## What to do
Can you restate the records below word for word?

# # #

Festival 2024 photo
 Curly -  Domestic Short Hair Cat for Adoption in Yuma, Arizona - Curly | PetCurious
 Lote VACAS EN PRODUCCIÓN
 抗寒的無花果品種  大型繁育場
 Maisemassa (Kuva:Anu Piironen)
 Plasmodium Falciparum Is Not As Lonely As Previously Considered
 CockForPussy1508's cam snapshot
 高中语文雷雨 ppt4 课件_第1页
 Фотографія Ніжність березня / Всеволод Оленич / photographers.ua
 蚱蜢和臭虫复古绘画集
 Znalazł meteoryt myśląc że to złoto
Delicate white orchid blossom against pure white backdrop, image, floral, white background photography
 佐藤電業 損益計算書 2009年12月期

# # #

## Exercise answer
Festival 2024 photo
 Curly -  Domestic Short Hair Cat for Adoption in Yuma, Arizona - Curly | PetCurious
 Lote VACAS EN PRODUCCIÓN
 抗寒的無花果品種  大型繁育場
 Maisemassa (Kuva:Anu Piironen)
 Plasmodium Falciparum Is Not As Lonely As Previously Considered
 CockForPussy1508's cam snapshot
 高中语文雷雨 ppt4 课件_第1页
 Фотографія Ніжність березня / Всеволод Оленич / photographers.ua
 蚱蜢和臭虫复古绘画集
 Znalazł meteoryt myśląc że to złoto
Delicate white orchid blossom against pure white backdrop, image, floral, white background photography
 佐藤電業 損益計算書 2009年12月期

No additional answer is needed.